Guy comes by the shop hoping to bum me outta some ammo for his machine gun and finds me stitching a spar together with a gnu-matic brad-driver & foamy glue. He's okay watching me smear on the glue. And he's still happy when I put the plywood into place, aligned by a couple of 3/4" #20 nails previously driven, now with their heads snipped off. He even helps me clamp it to the bench. But when I pick up the pneumatic brad-driver and start to stitch he begins to frown, as if he's never it done before.
"I've never seen it done like that," he sez.
"Saves a buncha time," I say as I shoot 5/8" #18 brads about every inch and a half. It's the spar for a horizontal stabilizer, sorta-copied from Pete Bower's 'Fly Baby.' It's about six feet long and
three inches deep in the middle, tapering to an inch and a half at each end. The spar caps are 3/8" square Western Hemlock, ripped out of a 2x4. The plywood shear-web is a piece of doorskin; 1/8" Luan. It's the third one I've built, the first two having been destroyed in
various tests. Not counting the glue and brads, each cost about a dollar. Plus a few hundred hours of design time.
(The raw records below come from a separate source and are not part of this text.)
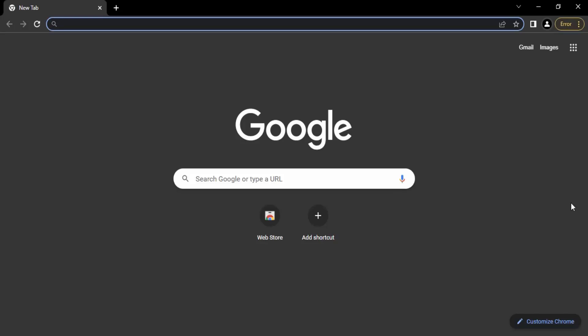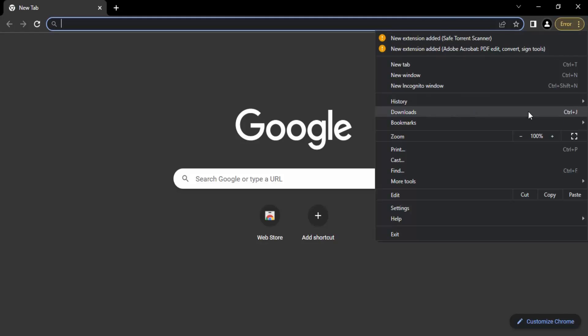All you need to do is go to your Google Chrome browser, and once you have opened it, you need to go to these three dots. Once you're on this, you need to search for the settings option.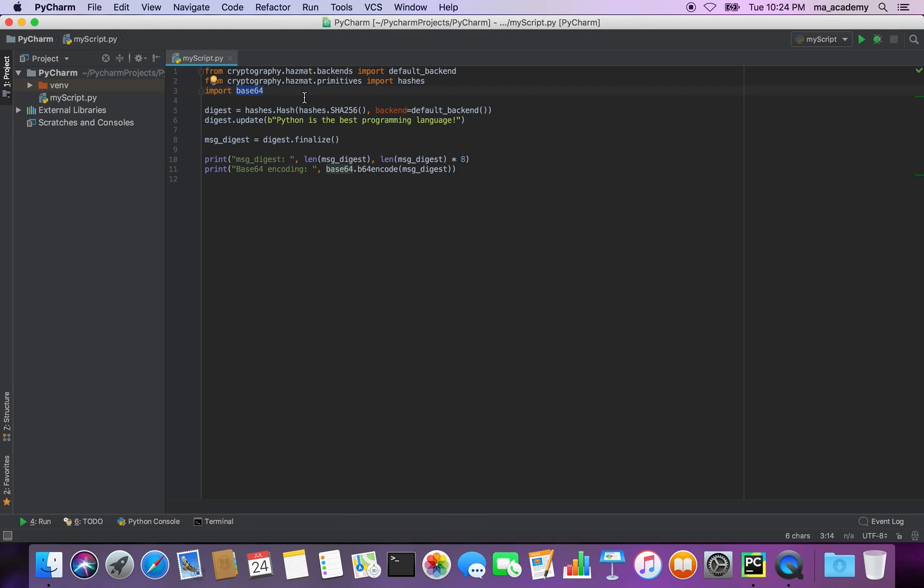If we don't encode it, the output is kind of gibberish and it wouldn't make any sense if you print it on screen. That's why encoding it is important, and in this one we will use base64 to encode it.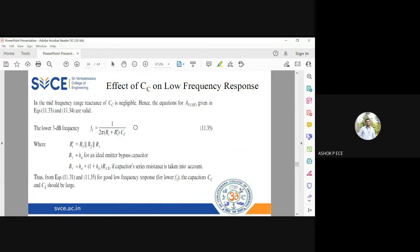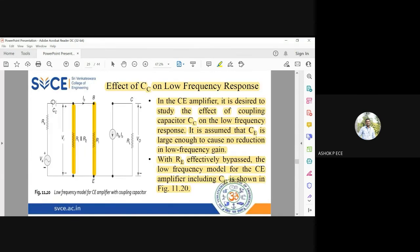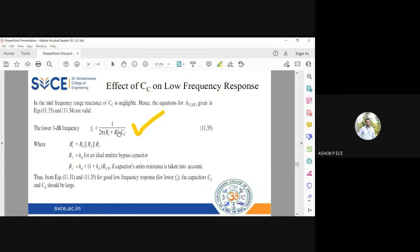In the mid frequency range the reactance of CC is negligible. The lower cutoff frequency is given by: f1 = 1 / (2π × (RS + Ri') × CC). This follows the general RC formula 1/(2πRC). Here CC is the capacitance, but for resistance you have R1 parallel to R2 in parallel with Ri, and that entire combination is in series with RS. That is why the formula uses RS plus Ri', where Ri' = R1 ∥ R2 ∥ Ri.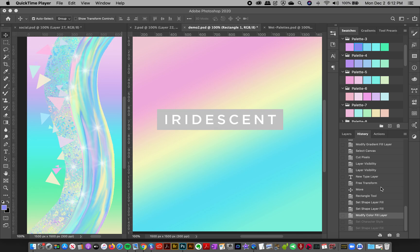Hey everyone, Jessica here. In this tutorial I'm going to show you how to load up and start using your color swatches that come with the iridescent kit.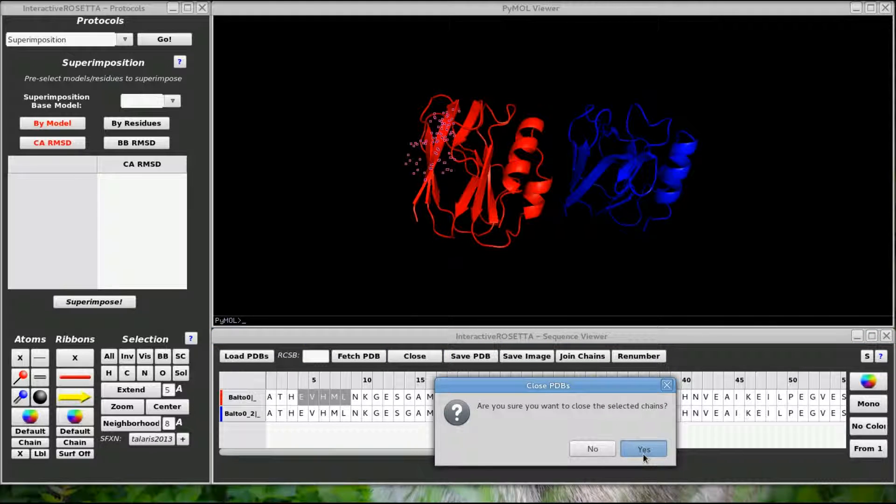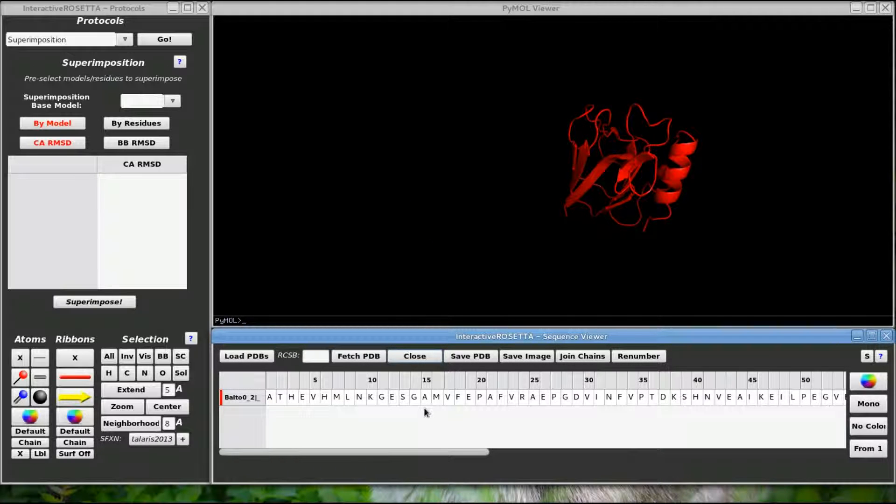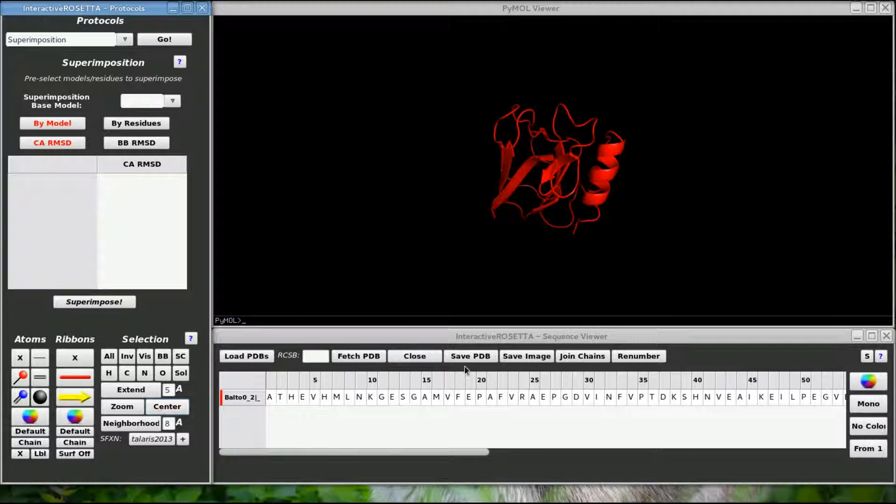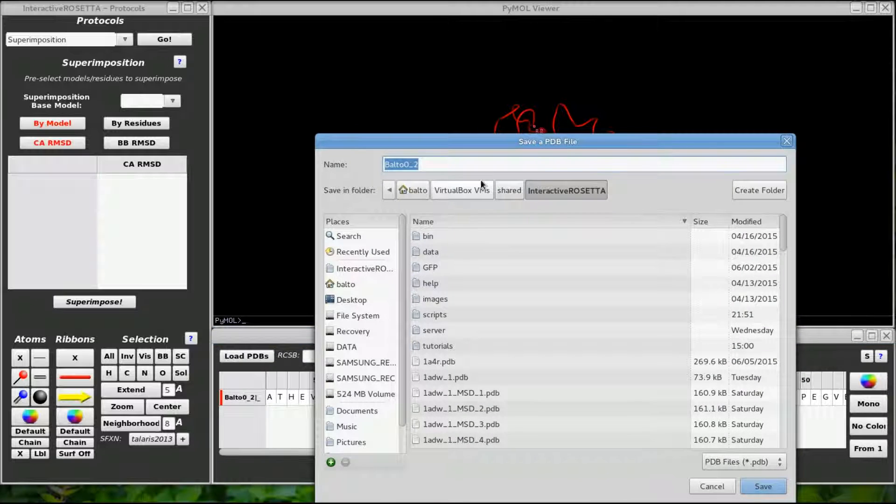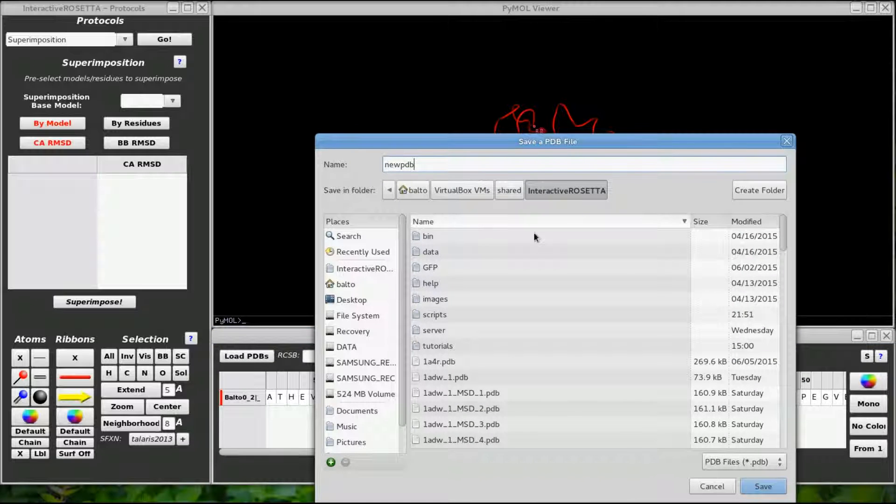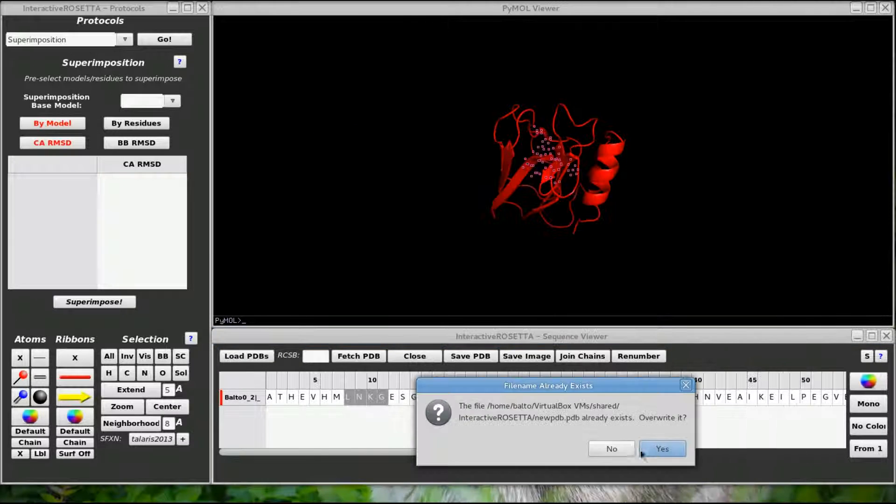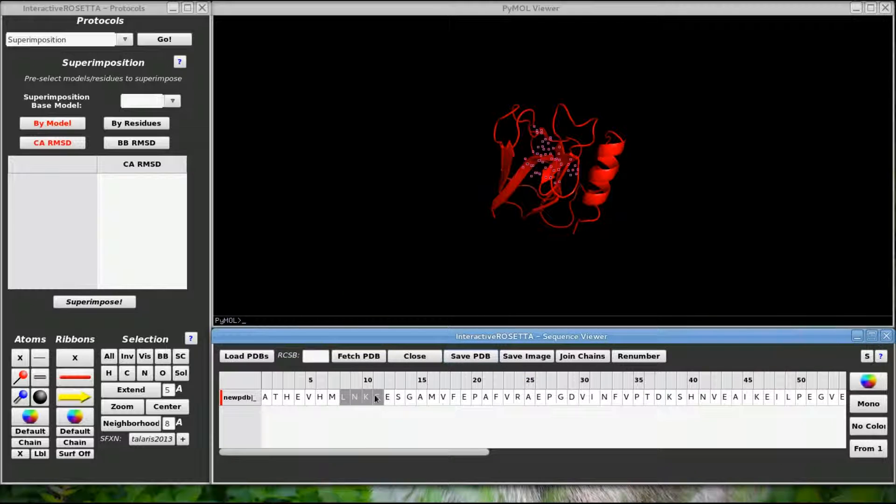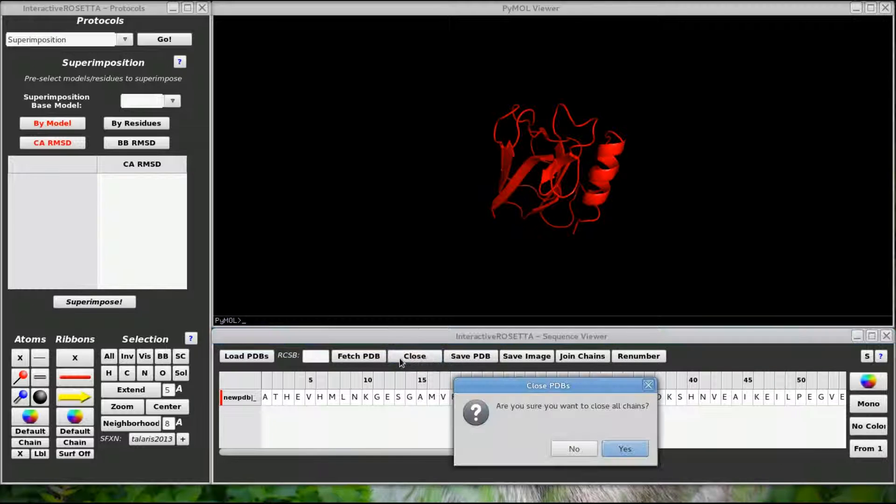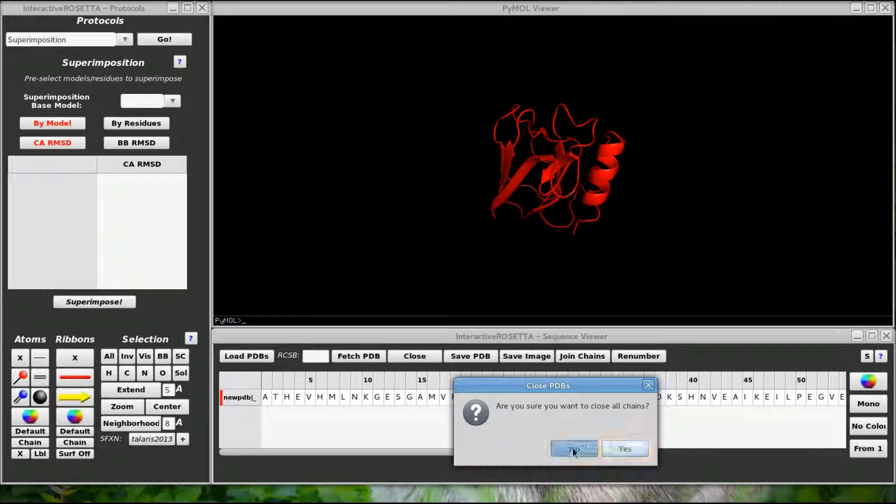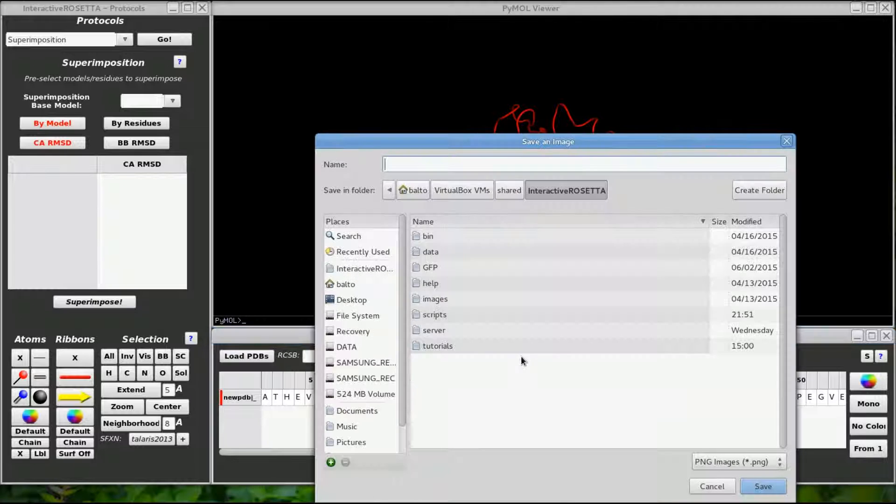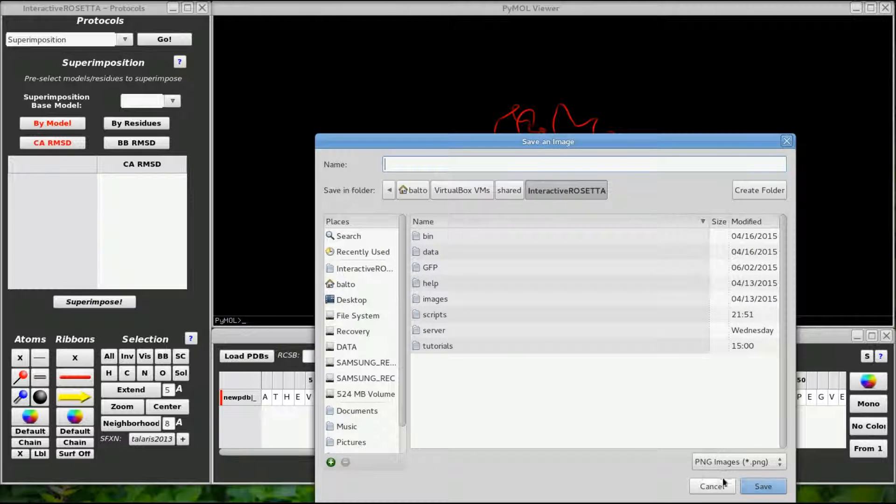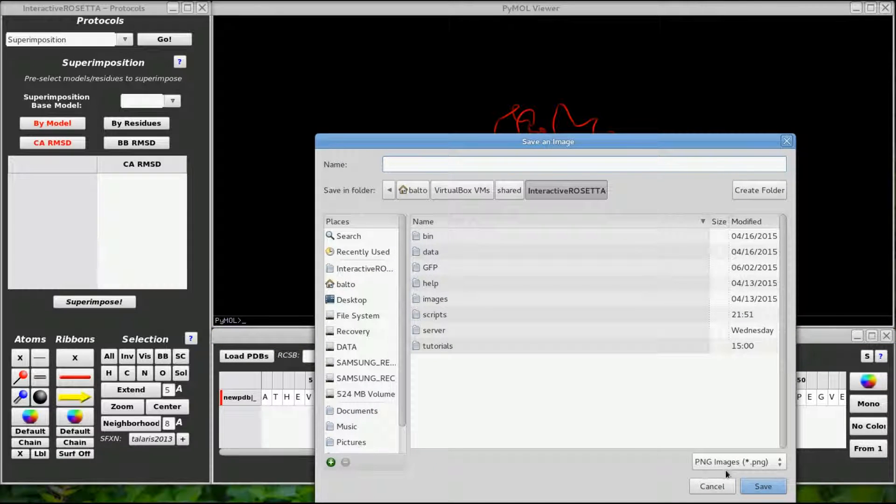Yes, I am sure I want to close it. Now I can save the second model by highlighting part of its sequence. Here it wants a file name for the structure, so let's give it a new name. If you did not have anything selected, close and save assume you want to close or save everything.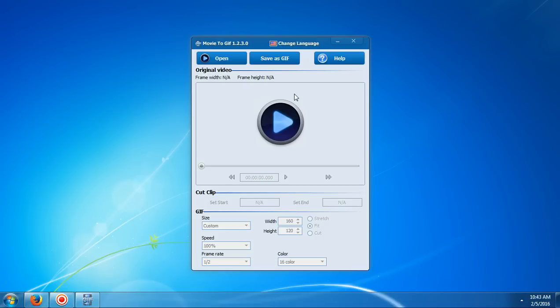This is just going to be a quick tutorial showing you how to convert any video file to a GIF file. Now what you're going to need to do is download movies to GIF. Link will be in the description below.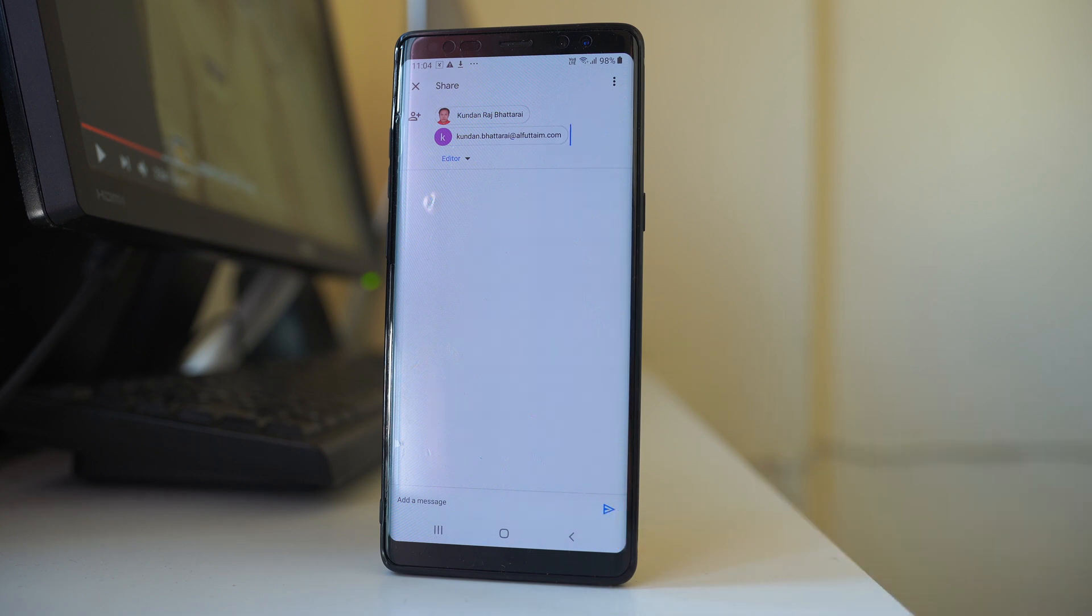This is how we can send Google Drive's file link to other contacts. Thank you for watching this video and please subscribe to my channel for more tips and tricks.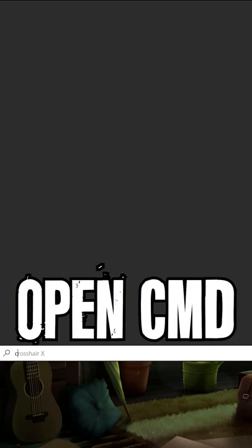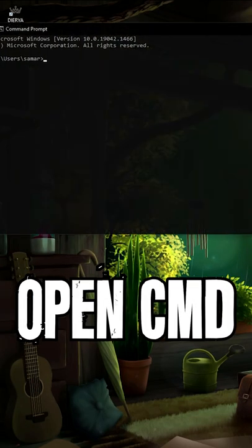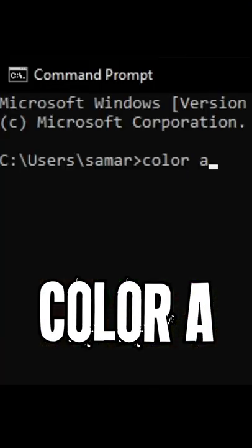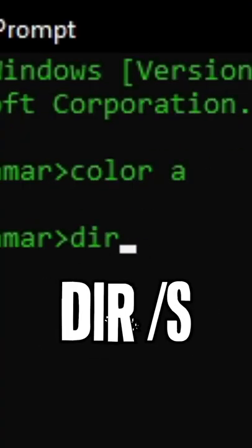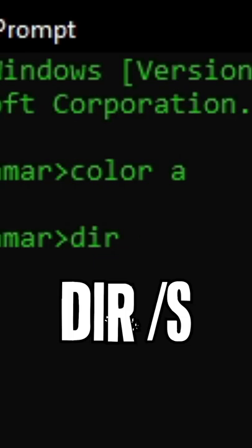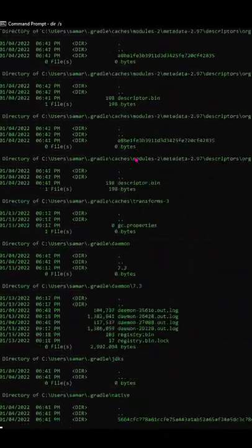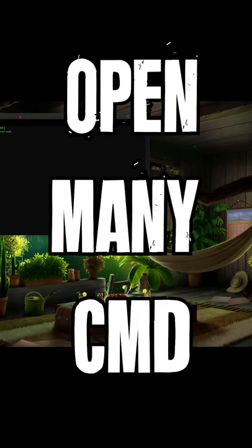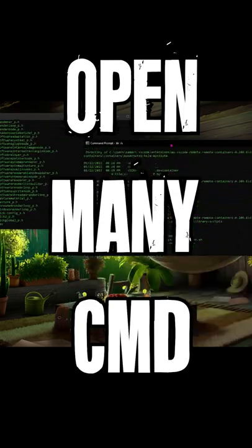All you need to do is search for CMD and type in the command 'color A'. Then type 'dir /s' and there you go. Open multiple CMDs and do the same, and very soon you'll see the results.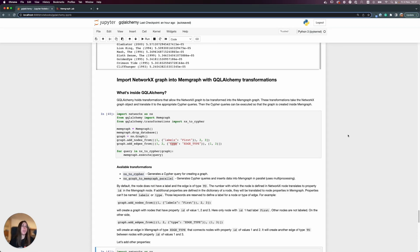I'm going to show you how to use the best of both worlds — NetworkX and Memgraph — and how to visualize your graphs easily. GQL Alchemy holds transformations that allow a NetworkX graph to be transformed into a Memgraph graph. These transformations take the NetworkX graph object and translate it into the appropriate Cypher queries, which can then be executed so the graph is created inside Memgraph.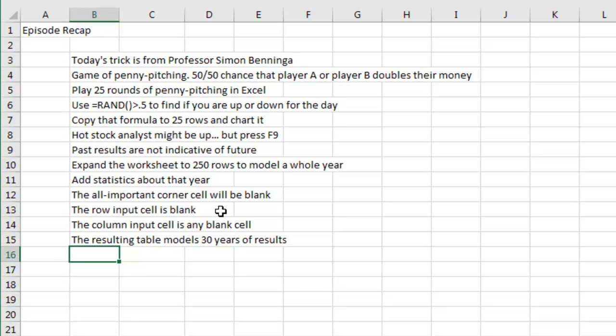The row input cell is empty. We don't put anything in there. And then for the column input cell, we just point to any blank cell in the spreadsheet. And the resulting table models 30 years of results. Just an amazing trick. Well, I want to thank you for stopping by. We'll see you next time for another netcast from MrExcel.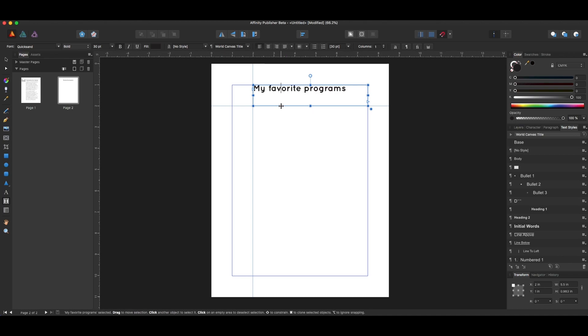That's how you go about making a paragraph style in Affinity Publisher. Again, this is a new program, just barely out in beta right now, and we're just learning how to use it, and I think it's going to be awesome.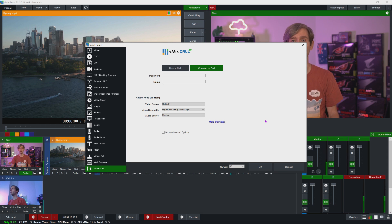Currently screen sharing is not supported in the browser version of vMix Call. If you're having issues with vMix Call you may need to check your firewall — I'll link an article in the description about what ports you may need to open in order to use vMix Call at your location.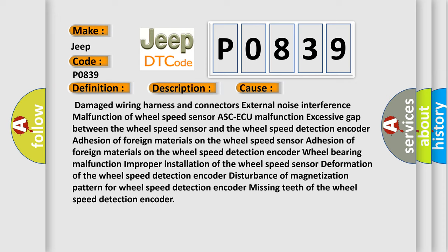Wheel bearing malfunction, improper installation of the wheel speed sensor, deformation of the wheel speed detection encoder, disturbance of magnetization pattern for wheel speed detection encoder, missing teeth of the wheel speed detection encoder.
"Is that an Approved Method?" he asks.
The brads are tacking the assemblage to the work bench, which is protected by a layer of waxed paper. (Live & lurn :-) I'll leave it to cure for a couple of days then pry it off, at which time it will
look like hell warmed over. But it cleans up nice with a disk sander. Then comes some filler blocks to be fitted and interior varnish before I can apply the closing face, which is left a bit over-size and malleted down onto the exposed tips of the brads.
"Beats the hell outta me," I tell him. "But it seems to work pretty good."
"Jesus!" he shouts, jumping back and making the sign of the cross. "You... you're EXPERIMENTING!"
That's when I turned slowly toward him and smiled, showing him my pointy teeth and red LED's for eyes. He gave a tiny shriek and ran off, shouting: "Pope Paul! Pope Paul!"